--- Material shown Enclosed Below ---

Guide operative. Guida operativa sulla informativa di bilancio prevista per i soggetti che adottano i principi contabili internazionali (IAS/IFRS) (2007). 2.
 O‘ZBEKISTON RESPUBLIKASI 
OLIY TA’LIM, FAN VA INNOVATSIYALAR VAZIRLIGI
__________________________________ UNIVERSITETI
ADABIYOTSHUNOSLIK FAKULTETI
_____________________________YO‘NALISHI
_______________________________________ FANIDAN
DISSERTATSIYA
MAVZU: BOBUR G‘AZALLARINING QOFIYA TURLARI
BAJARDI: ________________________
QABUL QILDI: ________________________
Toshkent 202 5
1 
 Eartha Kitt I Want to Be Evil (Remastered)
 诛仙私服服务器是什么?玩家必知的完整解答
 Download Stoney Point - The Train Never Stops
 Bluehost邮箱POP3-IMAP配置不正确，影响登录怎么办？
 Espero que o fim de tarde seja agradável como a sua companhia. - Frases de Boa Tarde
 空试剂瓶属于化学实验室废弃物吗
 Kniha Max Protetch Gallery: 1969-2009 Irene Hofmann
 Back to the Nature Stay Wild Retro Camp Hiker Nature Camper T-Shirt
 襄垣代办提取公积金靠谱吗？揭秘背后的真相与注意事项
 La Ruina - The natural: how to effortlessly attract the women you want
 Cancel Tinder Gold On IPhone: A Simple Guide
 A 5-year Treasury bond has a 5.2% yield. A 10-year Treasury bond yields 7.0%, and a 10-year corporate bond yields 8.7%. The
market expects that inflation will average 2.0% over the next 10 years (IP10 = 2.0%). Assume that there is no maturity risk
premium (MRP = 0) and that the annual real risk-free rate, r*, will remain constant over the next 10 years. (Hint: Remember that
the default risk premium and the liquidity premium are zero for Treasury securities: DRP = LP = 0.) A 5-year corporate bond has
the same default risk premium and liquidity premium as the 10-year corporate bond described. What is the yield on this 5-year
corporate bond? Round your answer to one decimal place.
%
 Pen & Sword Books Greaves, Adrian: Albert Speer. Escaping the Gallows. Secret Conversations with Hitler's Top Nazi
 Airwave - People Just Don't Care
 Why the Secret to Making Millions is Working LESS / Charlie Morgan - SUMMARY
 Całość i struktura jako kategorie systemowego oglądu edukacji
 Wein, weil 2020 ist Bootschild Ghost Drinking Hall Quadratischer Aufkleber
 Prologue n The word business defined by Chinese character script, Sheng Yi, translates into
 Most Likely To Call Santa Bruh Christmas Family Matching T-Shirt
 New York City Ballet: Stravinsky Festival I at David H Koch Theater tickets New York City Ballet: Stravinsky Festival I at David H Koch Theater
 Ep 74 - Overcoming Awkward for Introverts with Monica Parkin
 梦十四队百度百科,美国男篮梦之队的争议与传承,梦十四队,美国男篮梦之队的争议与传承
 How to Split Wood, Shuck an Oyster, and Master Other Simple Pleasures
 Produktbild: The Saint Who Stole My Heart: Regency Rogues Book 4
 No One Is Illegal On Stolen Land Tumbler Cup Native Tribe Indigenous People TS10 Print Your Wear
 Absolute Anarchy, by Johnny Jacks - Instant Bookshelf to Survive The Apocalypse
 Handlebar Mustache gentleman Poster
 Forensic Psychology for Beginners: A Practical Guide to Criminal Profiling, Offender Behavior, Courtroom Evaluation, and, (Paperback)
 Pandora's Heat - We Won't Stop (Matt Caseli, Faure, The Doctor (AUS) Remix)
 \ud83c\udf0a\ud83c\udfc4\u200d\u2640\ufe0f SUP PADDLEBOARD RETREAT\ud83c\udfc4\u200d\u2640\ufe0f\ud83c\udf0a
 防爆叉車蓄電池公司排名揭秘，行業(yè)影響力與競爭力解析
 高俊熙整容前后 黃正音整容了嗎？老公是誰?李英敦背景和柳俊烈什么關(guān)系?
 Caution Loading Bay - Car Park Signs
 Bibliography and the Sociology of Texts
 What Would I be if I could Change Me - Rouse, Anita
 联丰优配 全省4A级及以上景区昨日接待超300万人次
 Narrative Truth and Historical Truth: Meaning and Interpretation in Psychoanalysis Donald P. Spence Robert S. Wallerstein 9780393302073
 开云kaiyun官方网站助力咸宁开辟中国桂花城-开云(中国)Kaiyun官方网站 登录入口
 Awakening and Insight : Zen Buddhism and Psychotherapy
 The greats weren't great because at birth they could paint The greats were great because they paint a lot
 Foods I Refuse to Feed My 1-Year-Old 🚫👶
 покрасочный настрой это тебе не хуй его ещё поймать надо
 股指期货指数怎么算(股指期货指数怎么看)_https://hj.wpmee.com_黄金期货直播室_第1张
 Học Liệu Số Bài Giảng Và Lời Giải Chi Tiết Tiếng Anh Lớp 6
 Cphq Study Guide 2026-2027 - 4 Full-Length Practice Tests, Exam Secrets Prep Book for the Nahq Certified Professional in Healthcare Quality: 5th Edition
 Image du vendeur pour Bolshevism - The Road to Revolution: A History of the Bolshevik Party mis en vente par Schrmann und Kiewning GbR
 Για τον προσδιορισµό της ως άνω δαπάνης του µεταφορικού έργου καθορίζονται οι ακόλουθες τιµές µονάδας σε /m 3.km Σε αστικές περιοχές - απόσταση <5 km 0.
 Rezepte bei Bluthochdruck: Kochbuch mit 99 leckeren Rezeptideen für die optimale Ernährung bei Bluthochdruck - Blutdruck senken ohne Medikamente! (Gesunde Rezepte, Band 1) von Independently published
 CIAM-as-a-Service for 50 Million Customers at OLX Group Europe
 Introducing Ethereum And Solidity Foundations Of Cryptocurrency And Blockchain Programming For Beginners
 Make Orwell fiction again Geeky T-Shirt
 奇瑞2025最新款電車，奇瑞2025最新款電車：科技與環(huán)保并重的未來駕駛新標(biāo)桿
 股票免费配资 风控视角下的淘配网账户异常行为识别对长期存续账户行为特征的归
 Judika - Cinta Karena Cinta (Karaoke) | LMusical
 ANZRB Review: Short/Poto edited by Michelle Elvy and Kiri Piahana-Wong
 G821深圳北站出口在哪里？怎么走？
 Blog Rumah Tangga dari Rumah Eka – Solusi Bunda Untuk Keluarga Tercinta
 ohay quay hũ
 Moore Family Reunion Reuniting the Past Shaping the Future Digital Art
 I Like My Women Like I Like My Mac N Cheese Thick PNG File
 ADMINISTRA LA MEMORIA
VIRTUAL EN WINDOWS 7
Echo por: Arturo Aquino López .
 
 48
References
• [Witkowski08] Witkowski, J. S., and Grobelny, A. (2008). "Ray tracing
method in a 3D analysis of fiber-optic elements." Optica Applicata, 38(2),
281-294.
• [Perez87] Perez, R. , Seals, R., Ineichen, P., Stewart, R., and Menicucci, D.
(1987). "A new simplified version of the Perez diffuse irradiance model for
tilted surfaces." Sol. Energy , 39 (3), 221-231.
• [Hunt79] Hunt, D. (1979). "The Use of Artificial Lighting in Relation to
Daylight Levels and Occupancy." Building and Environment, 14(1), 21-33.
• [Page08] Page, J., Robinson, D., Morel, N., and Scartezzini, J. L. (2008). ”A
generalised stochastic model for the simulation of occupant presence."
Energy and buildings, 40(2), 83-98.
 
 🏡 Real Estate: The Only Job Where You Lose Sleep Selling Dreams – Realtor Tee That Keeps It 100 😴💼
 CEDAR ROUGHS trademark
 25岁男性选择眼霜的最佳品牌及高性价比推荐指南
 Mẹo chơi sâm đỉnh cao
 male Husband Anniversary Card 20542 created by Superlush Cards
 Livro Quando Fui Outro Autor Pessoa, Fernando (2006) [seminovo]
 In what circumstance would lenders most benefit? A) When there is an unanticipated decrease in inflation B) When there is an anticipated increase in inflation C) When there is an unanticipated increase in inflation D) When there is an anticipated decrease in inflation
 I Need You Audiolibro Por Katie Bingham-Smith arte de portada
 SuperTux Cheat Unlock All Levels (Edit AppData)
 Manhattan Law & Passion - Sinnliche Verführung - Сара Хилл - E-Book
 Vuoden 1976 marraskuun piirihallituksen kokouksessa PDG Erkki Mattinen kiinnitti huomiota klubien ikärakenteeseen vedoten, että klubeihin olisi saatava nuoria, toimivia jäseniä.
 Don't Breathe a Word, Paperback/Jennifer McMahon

--- End of Enclosed Material shown ---

Within the material above, copy exactly the lines from the line that holds "诛仙私服服务器是什么?玩家必知的完整解答" up to and including the line that holds "空试剂瓶属于化学实验室废弃物吗".

# Answer to the problem:
 诛仙私服服务器是什么?玩家必知的完整解答
 Download Stoney Point - The Train Never Stops
 Bluehost邮箱POP3-IMAP配置不正确，影响登录怎么办？
 Espero que o fim de tarde seja agradável como a sua companhia. - Frases de Boa Tarde
 空试剂瓶属于化学实验室废弃物吗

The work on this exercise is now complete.